IgnoredAmbience / yahoo-group-archiver

Scrapes and archives a Yahoo groups email archives, photo galleries and file contents using the non-public API
MIT License
93 stars 46 forks source link

Topic downloader #109

Closed lennier1 closed 4 years ago

lennier1 commented 4 years ago

I've implemented a topic downloader which is a significantly faster way to download all a group's messages, particularly if there are messages with many replies. This needs larger scale testing. It might fail on bad HTML. (Maybe fall back to regular one message at a time downloading then?)

@IgnoredAmbience @d235j @nsapa @philpem

lennier1 commented 4 years ago

Thought on processing via topic id ... since this goes backwards in time my guess is that it will be picking up the spam first. (for groups that have been heavily spammed) That might not be an issue - but if the discussions about stopping/pausing processing a group when bulk spam is reached result in a decision to pause/stop/skip a group then it would not work in this case. The idea about pausing a group fetch when lots of spam reached was to allow moving to the next group to try to maximise the amount of "clean" mail fetched. Could then go back (if state stored per group) and resume a group when all else done if there is still time left before Y! kills history.

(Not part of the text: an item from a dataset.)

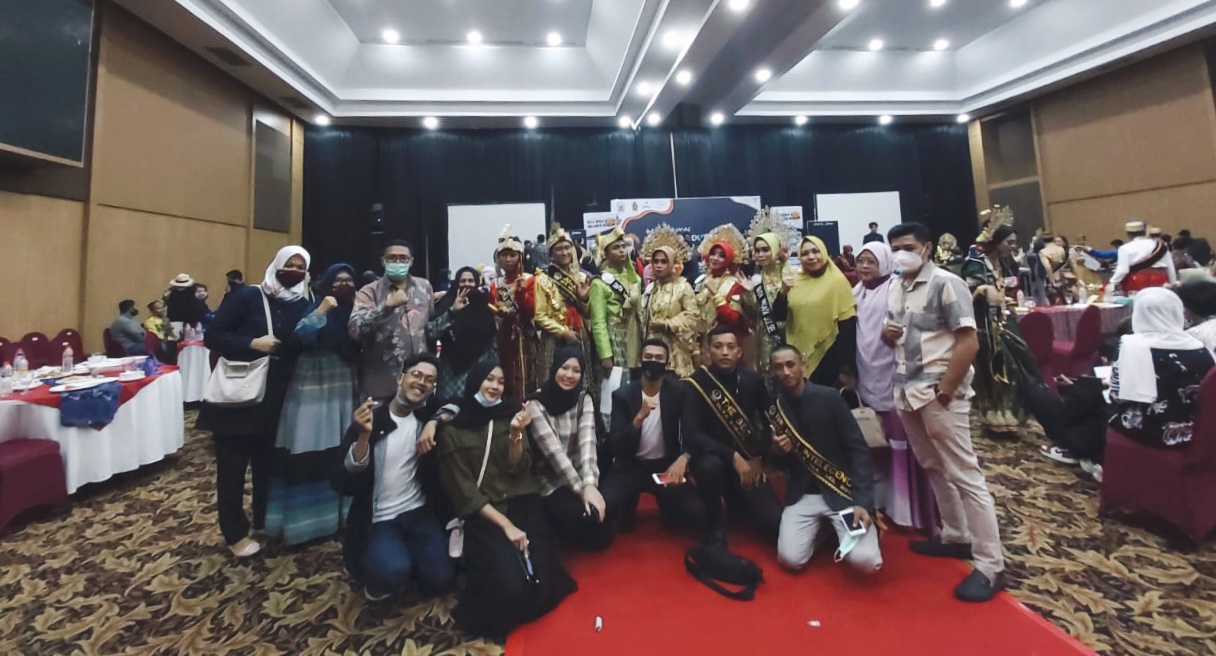 Utusan Jeneponto Juara I Putra Pemilihan Duta Wisata Sulsel 2020
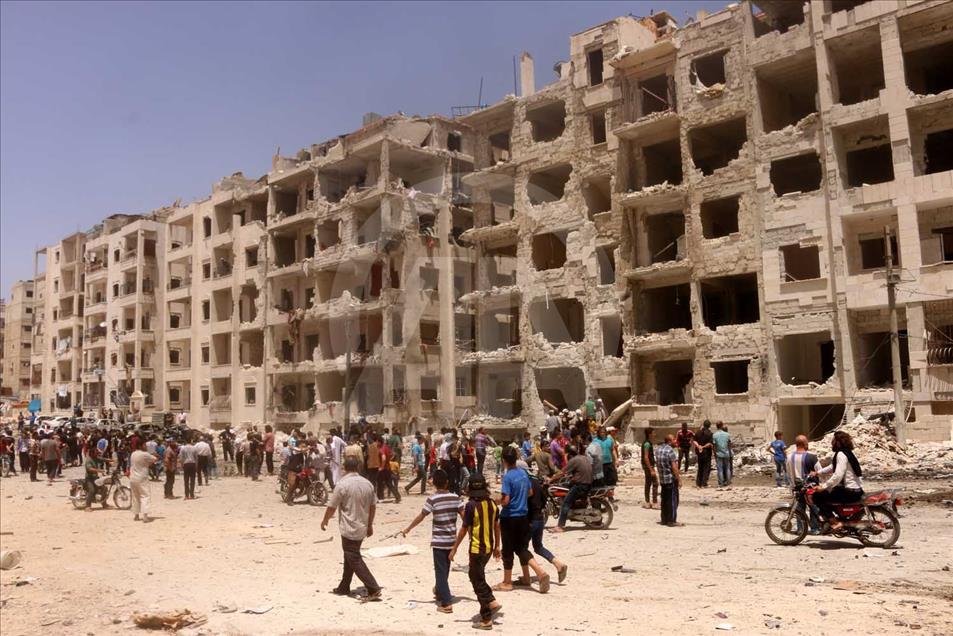 Explosión de carro bomba en Siria deja dos civiles muertos y 50 heridos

Could the loop be changed to go forwards in time from oldest topic? I think that the next/prev links might be based on the most recent message in the topic so cannot simply start from topic 0/1 and follow the "next" link. But simply starting from 0/1 and skipping ones that are not found might be OK unless there is easy way to walk through the links backwards to the start without too much overhead.

That makes sense. I'm including this in my new pull request.

lennier1 commented 4 years ago

Latest updates include starting with earlier messages and better error checking/correction.

lennier1 commented 4 years ago

Added -tr option if you want to get raw messages as well. It's slower than -t, but faster than -e and should get all the data.

IgnoredAmbience commented 4 years ago

This PR seems to also have pulled in the archiveteam warrior frontend, I might have to pick through the commits to just pull out the topic downloader and any other fixed included.

IgnoredAmbience commented 4 years ago

This PR has much more on it than the topic downloader now. Will resync with the archive team fork separately.